In 1880, a black man named George Peck was lynched by a white mob directly across the street from our church sanctuary. In partnership with a coalition of churches, local leaders, and other members of the Poolesville community, our little church hosted a memorial event. There were prayers, meditations on violence and reconciliation, and poems from local students.  Then, a soil collection from the site of the lynching, after which that soil was sent to the Equal Justice Initiative's museum in Montgomery, Alabama.

The day was perfect and beautiful.  There were hundreds in attendance, from our community and from all around the county.  There were news reports, as radio and local television stations shared the event, with coverage on the front of the Washington Post metro section, and other media outlets ranging from the Houston Chronicle to the San Francisco...Chronicle.  The story of what the Iglesia Presbiteriana de Poolesville was doing even made its way into Spanish language media.

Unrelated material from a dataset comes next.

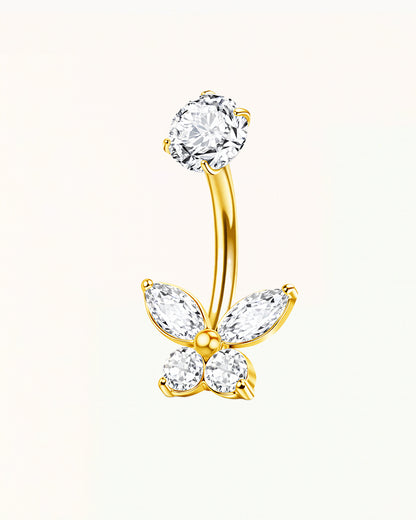 Butterfly Design Navel Piercing - Trixie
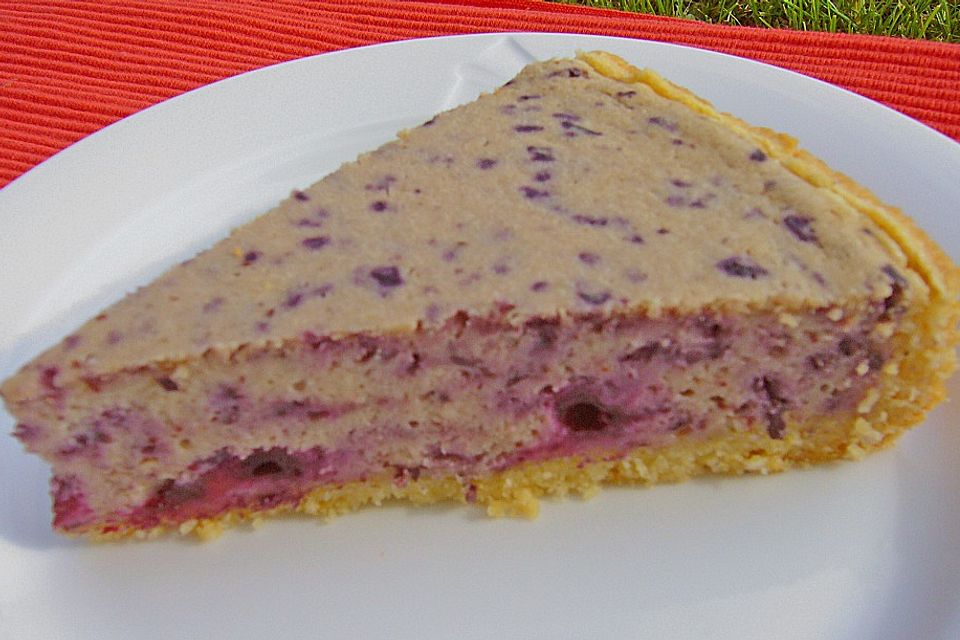 Blaubeerkuchen mit Kokosquark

It was kind of a Thing, and it was a thing church folks had wrestled with for a bit.  How do we do this?    
We'd thought about it, prayed about it, and considered the event carefully before it began.  What gifts should we bring?  What's the best way to support other organizers of the event?  How do we do this well, and respectfully, and in a way that is both honest and healing and respectful to the best spirit of our community?

Folks from the church stepped up, as we do.  There were snacks, and beverages, and a general sense of supportiveness and welcome that couldn't be missed.

Both I and the elders on Session were of one mind about how the event should be lead.  We needed community folks engaged, and the closer to the heart of our community, the better.  There were many different folks who might be able to provide leadership, but one name kept resurfacing: Pastor Chuck, who leads worship at the nondenominational church in town.  His family goes back a hundred and fifty years in our little town, one of the longest standing black families resident in the area.  They've owned land...a free black family, owning land...since before the Civil War.  And he works in Poolesville.  And he's just a great, spirit-filled, gracious human being.

We all knew he was right for this moment.  This town is "his dirt," as he so viscerally an appropriately described it on that day.  The challenge was twofold.  First, getting him on board, which proved to be as easy as so much of what God intends is easy.  Chuck was all in and called in.  Chuck was fired up.

The second challenge was on me.  It was shutting down those mutters and nibbles of ego that stir whenever an important thing happens, right there in your church, and you realize you're not going to be leading it.  You'd think, as an introvert, that I'd automatically avoid that, but no.  There's always that human tendency to want the light of public affirmation, to want the limelight, to want to overstep or upstage.  I do come from a family of actors, anxious and inward as I am.  What I needed to do was to find the right amount of space, to speak words of welcome and support and move aside, to be sure that the people that are clearly called by God to a moment were right where God wanted them to be.  

Which, praise the Lord, was just what happened.  

That challenge to both be present and make space is one that rests on every moment of our lives.  We're called to both live out our gifts into the world and lift up others.  The first requires that we overcome our fears.  The second, that we overcome our desire for control.

Neither is particularly easy, but both are necessary as we seek to live out God's gracious work of reconciliation.